Double-Layer PGP Encryption for Incoming External Emails
Double-layper PGP is an extra security measure Private.Ki uses when you receive an already-encrypted email from outside. In simple terms, if someone not on Private.Ki sends you a PGP-encrypted email, our system adds another layer of PGP encryption on top of that message.
The reason: An external sender can encrypt one PGP message for several recipients at once. In that case the encrypted payload is identical across all recipients, and if we stored that same ciphertext in two Private.Ki mailboxes it would be possible to link those users by equality of the stored message. By adding a second PGP layer per recipient, we create a distinct outer ciphertext for each account. This reduces cross‑user linkability and limits what can be inferred about who received the same mail.
Double PGP encryption of incoming external emails
Suppose an external sender (outside Private.Ki) wants to send you a secure email. They use your PGP public key to encrypt the message on their end. When that encrypted email arrives at Private.Ki, it’s indeed secure (only your corresponding private key can decrypt it). However, Private.Ki doesn’t stop there – we immediately wrap the incoming encrypted message in a second layer of encryption, again using your public key.

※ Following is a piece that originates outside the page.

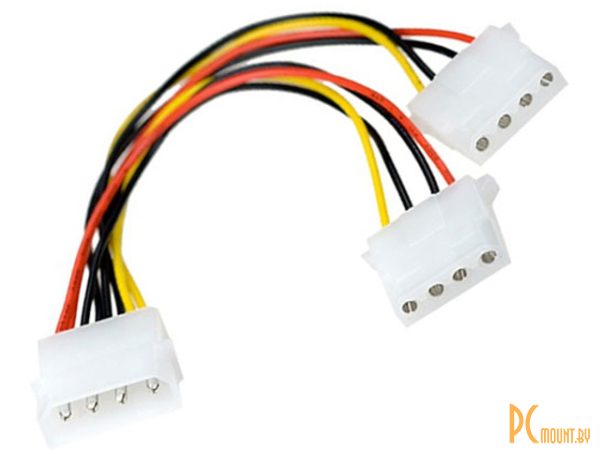 PCI-E (Riser) / SATA / eSATA / IDE / MOLEX: кабель ExeGate Molex (IDE) - 2xMolex (IDE) 15cm 261530 EX261530RUS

In other words, the already-encrypted email gets encrypted again with PGP before being stored on our servers. This results in a double-encrypted email (two layers of PGP) sitting in your mailbox.
Reading a double-encrypted email
When you open the message in your Private.Ki mailbox, your device uses your private key to decrypt the outer PGP layer that Private.Ki added.
After removing this outer layer, what remains is the original email exactly as the external sender encrypted it (still protected by PGP with your key). Your device then immediately decrypts that inner layer as well (using the same private key) to reveal the actual email content so you can read it.
This process is handled automatically – from your perspective, you just open the email and it appears, without needing to manually decrypt twice.
After you’ve opened the email, Private.Ki will re-encrypt the message for storage. It will be encrypted with AES encryption for storage in your mailbox.